US Pacific Fleet, US Forces Japan, 7th Fleet, 5th Air Force, and III Marine Expeditionary Force are among the major commands that sent troops; two Royal Canadian Navy ships are participating in the maritime portion of the exercise for the first time this year.

The aviation piece of the exercise involves practicing command and control, communications, aerial refueling, and air defense and escort scenarios, according to a Navy spokesman.

Tuesday, Somers, Maj. Hans Foster, and SSgt. Cameron Bilyeu got into a KC-135 expecting to be taking off with and refueling six Kadena-based F-15s as they made their way up the airspace south of Marine Corps Air Station Iwakuni, participate in a training scenario, and then fly home.

Instead, the tanker crew learned just minutes before takeoff that four of the F-15s were staying at Kadena.

Cruising 22,000 feet above the Pacific Ocean, Somers and Foster positioned the KC-135 so the sun wouldn’t be in the fighter pilots’ eyes, and Bilyeu expertly guided the boom—using just two fingers —to refuel the two F-15s.
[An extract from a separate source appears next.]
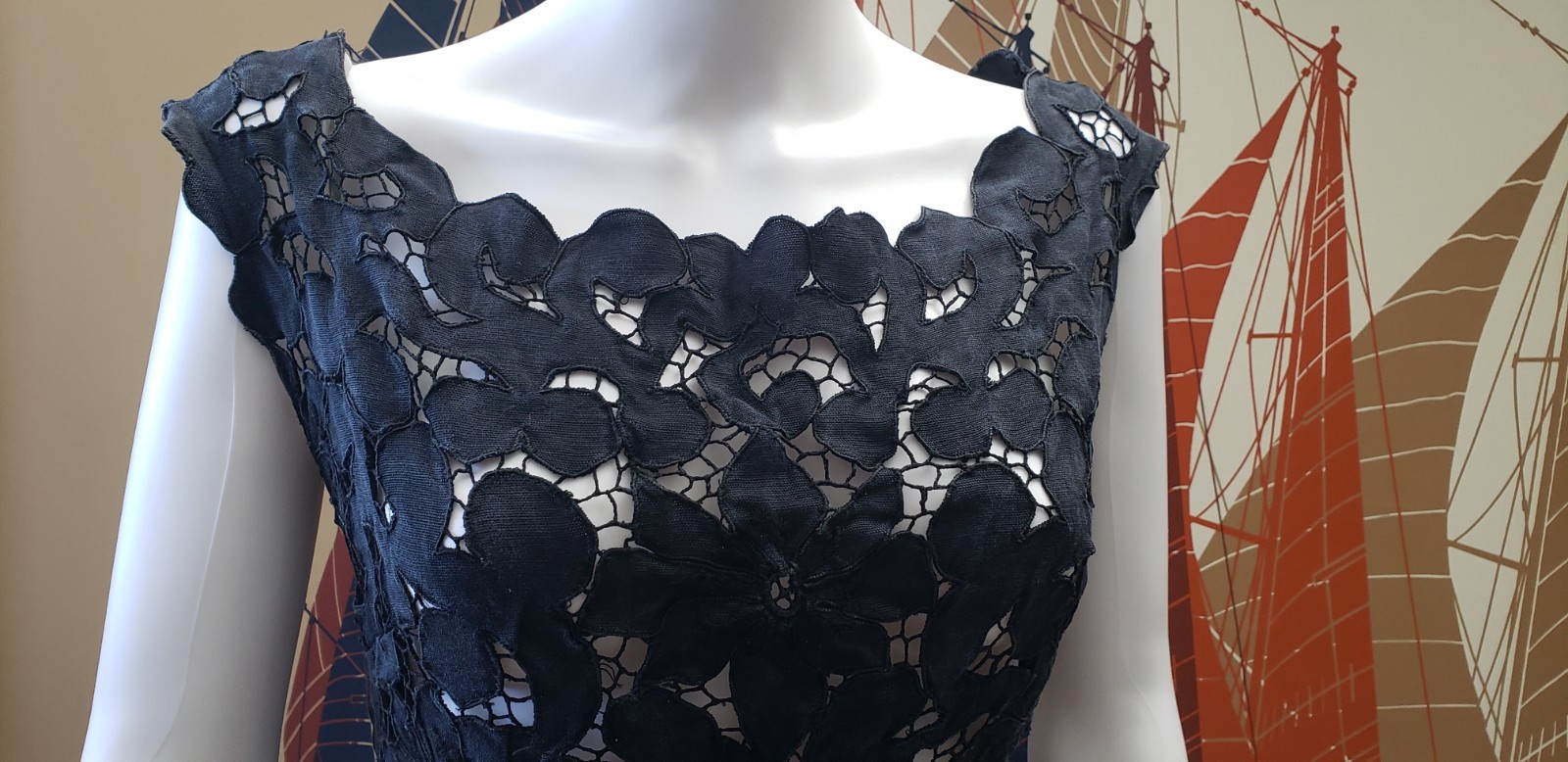 VINTAGE MOYGASHEL LINEN CUTOUT WIGGLE DRESS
Later, as an AWACS flying 8,000 feet above the tanker monitored its fuel levels, four F-16s from Misawa AB, Japan, approached for refueling.

The change was just one example of the constantly shifting plans that are a benefit of the exercise, Somers said.

Somers flew one of the first sorties of Keen Sword after it kicked off in late October. All of the controllers were Japanese, she said, and communicating with them took some learning and adapting on both sides. But, she took notes and passed them on to others, and the Tuesday flight went a lot more smoothly as a result, she said.

For the Kadena KC-135s, which don’t deploy to CENTCOM, being able to practice refueling in a real-world scenario is another benefit of this type of exercise—and it is critical to maintaining readiness, Somers and Foster said.

The tankers do practice refueling F-15s regularly, but they don’t use all the operational terms they would use in combat during training, she said. During the exercise, they are forced out of their comfort zone and instead plan and fight the same way they would during a deployment to Iraq or Afghanistan, she said.

“This looks and feels the same” as Somers’ previous deployments to the CENTCOM area, she said—though Foster pointed out that they see much more blue during these flights than those over the desert.

“These exercises are key because this is what keeps us ready to ‘fight tonight’,” Somers added.

Keen Sword wraps up Nov. 8.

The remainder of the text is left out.